A Paula le incomodó tanto el contacto de sus dedos que su voz sonó temblorosa y débil.


–Nunca hay garantías. Ni con dudas ni sin ellas.


Él le levantó la mano y le dio un beso en la palma, con dulzura. Ella sintió una descarga de electricidad.


–Pero siempre merece la pena, ¿no crees? Si no recorres el camino, no sabes adónde te puede llevar.


Paula sacudió la cabeza y apartó la mano.


–A veces, es mejor no arriesgarse.


–¿Cuándo? –preguntó él.


Ella tragó saliva.


–¿Cuándo qué?


–Cuándo es mejor no arriesgarse –insistió Pedro.

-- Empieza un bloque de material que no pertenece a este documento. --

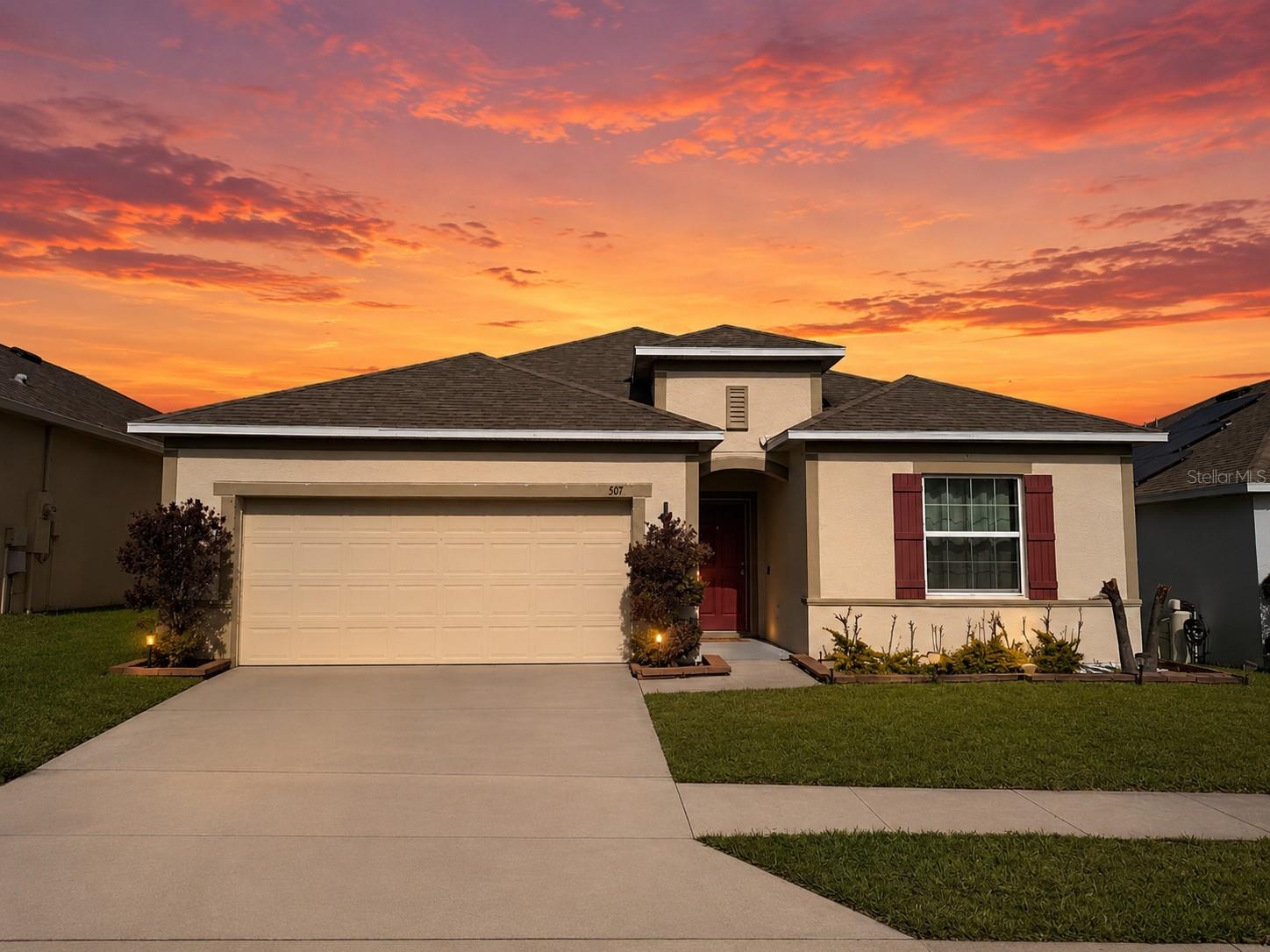 507 PINECREST LOOP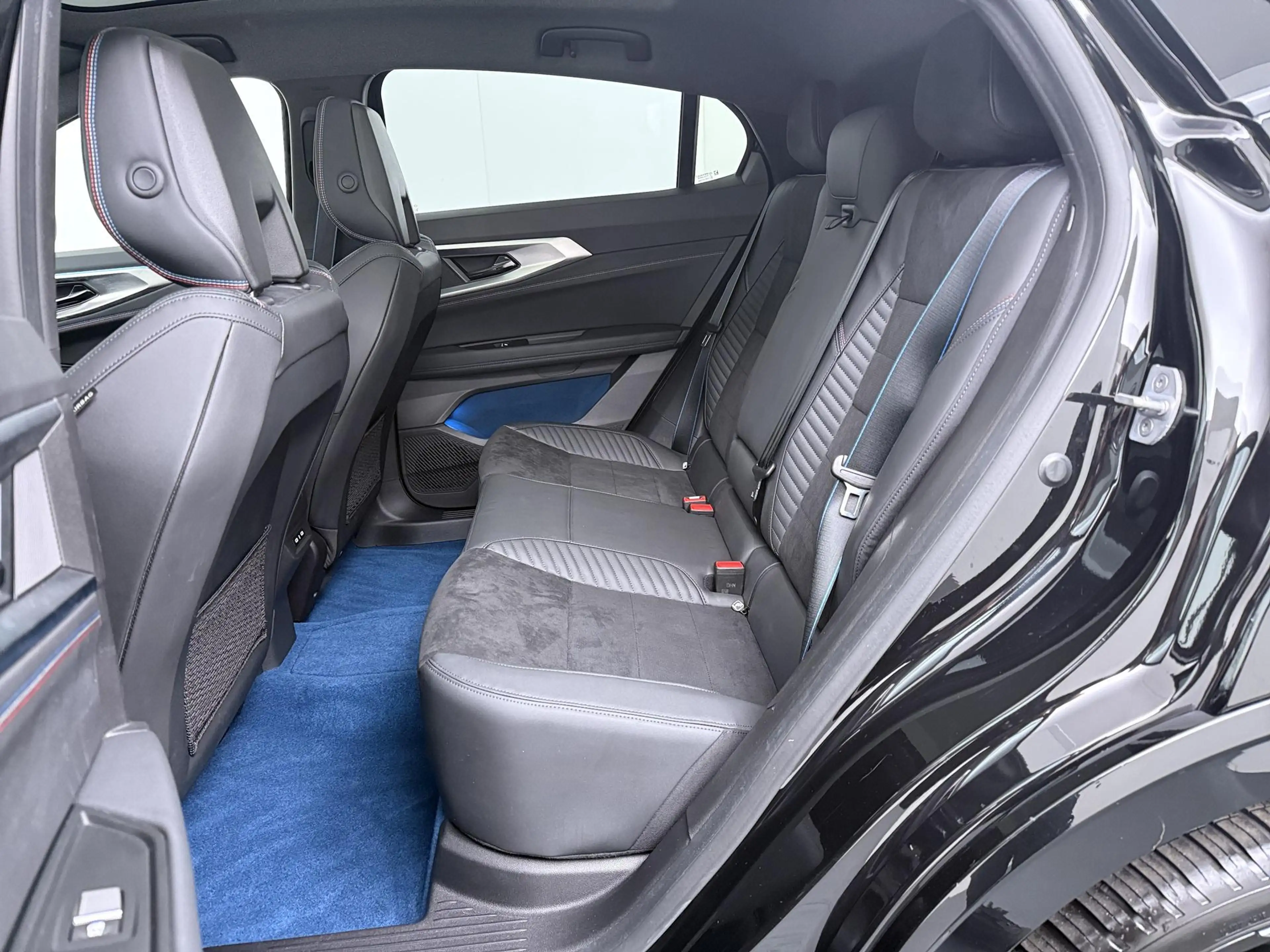 Renault Rafale atelier Alpine hyper hybrid E-Tech 4x4 300 | Panor — photo 14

Paula estuvo a punto de decir que, en lo tocante a ellos, no se quería arriesgar ni entonces ni en ningún otro momento. 


Pero respiró hondo y dijo:
–No sé. Supongo que depende de los casos.


Él asintió.


–¿Y si ese caso es el nuestro?


Paula parpadeó.


–¿Cómo?


–Estoy hablando de ti y de mí. Hipotéticamente, por supuesto.


–Ah…


–En apariencia, no podríamos ser más distintos.


Ella asintió con debilidad.


–Pero estamos viviendo juntos y es obvio que nos gustamos –continuó Pedro.


–¿Que tú y yo nos gustamos? –preguntó Paula con brusquedad, haciendo un esfuerzo por fingirse indignada.


–En efecto –afirmó él–. Deseo, atracción… llámalo como quieras. Sabes lo que quiero decir.


–Y estás hablando hipotéticamente…


–Sí, eso he dicho. ¿Crees que nos deberíamos arriesgar y ver lo que pasa?


–De ninguna manera.


–¿De ninguna?


–No.


–¿Por qué?


–Por lo que tú mismo has afirmado hace un momento. Es evidente que no estamos hechos el uno para el otro.


–En apariencia –puntualizó él.


–Pero la apariencia es todo lo que tenemos. Nos conocemos muy poco, Pedro.


–¿Y no te apetece que nos conozcamos mejor? Puede que tengamos más cosas en común de lo que creemos… Por ejemplo, hoy hemos descubierto que Beethoven nos gusta a los dos. Y hasta es posible que también nos guste Wagner.


Ella volvió a sacudir la cabeza.


–No.


–¿No? ¿Te refieres a Wagner? ¿O a nosotros?


–A nosotros –respondió, cada vez más nerviosa.


Él se inclinó hacia delante, le dio un beso en la frente y susurró:
–Cobarde…


Pedro se levantó de la silla y se fue sin decir nada más. Paula se quedó sola, pensando que uno de esos días tendría que hablar con él sobre su fea costumbre de marcharse en mitad de las conversaciones.


Siempre la dejaba con la palabra en la boca.